PROBLEM » The goal is a clean copy of all the data below, with pictures dropped and everything else retyped exactly.

GIVEN MATERIAL »
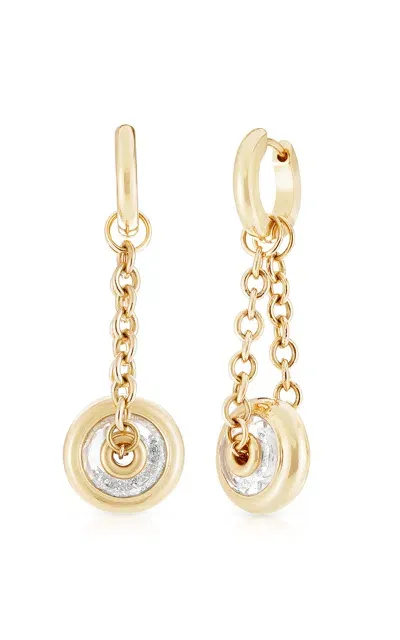 Moritz Glik Paira 18k Yellow Gold Diamond Earrings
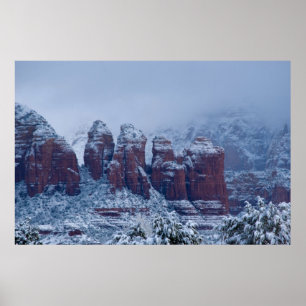 Snöig kaffekrukasten 2736 poster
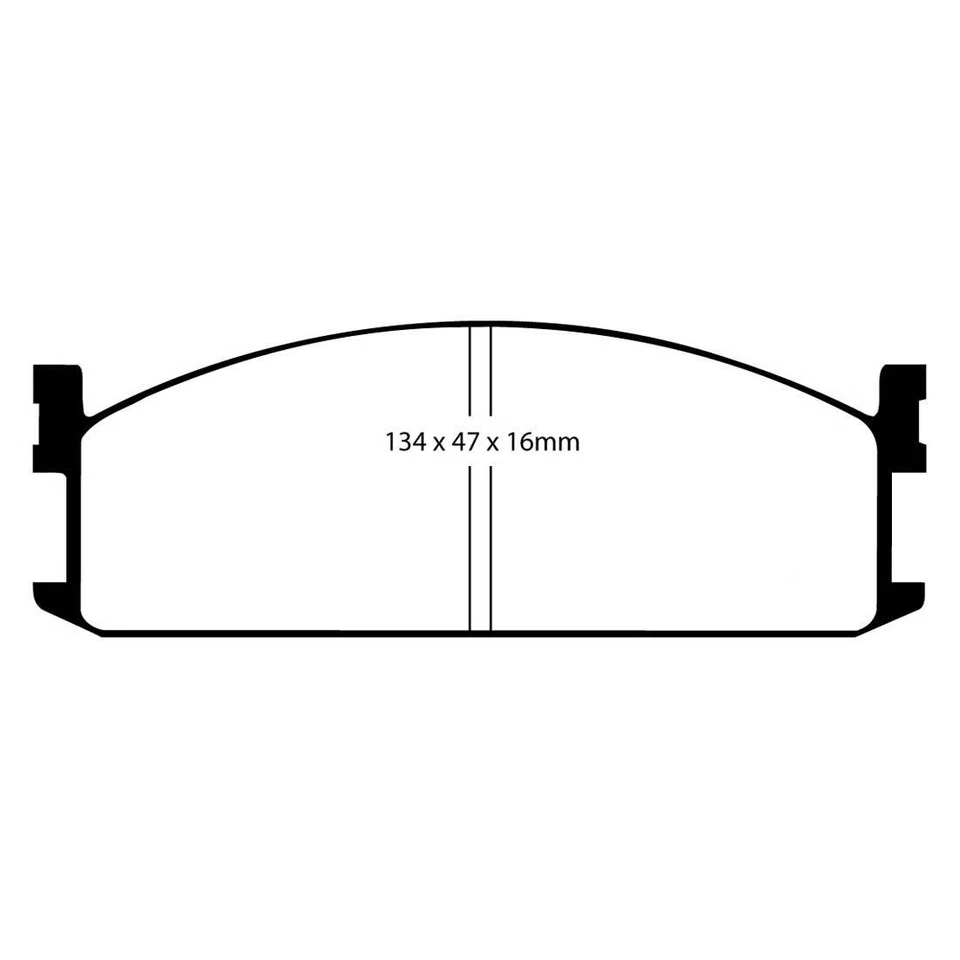 Pastillas de freno delanteras EBC Blackstuff Ultimax2 EBC100307 para Isuzu Midi Van Midi - Imagen 2 de 4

RESPONSE AREA »
 Moritz Glik Paira 18k Yellow Gold Diamond Earrings
 Snöig kaffekrukasten 2736 poster
 Pastillas de freno delanteras EBC Blackstuff Ultimax2 EBC100307 para Isuzu Midi Van Midi - Imagen 2 de 4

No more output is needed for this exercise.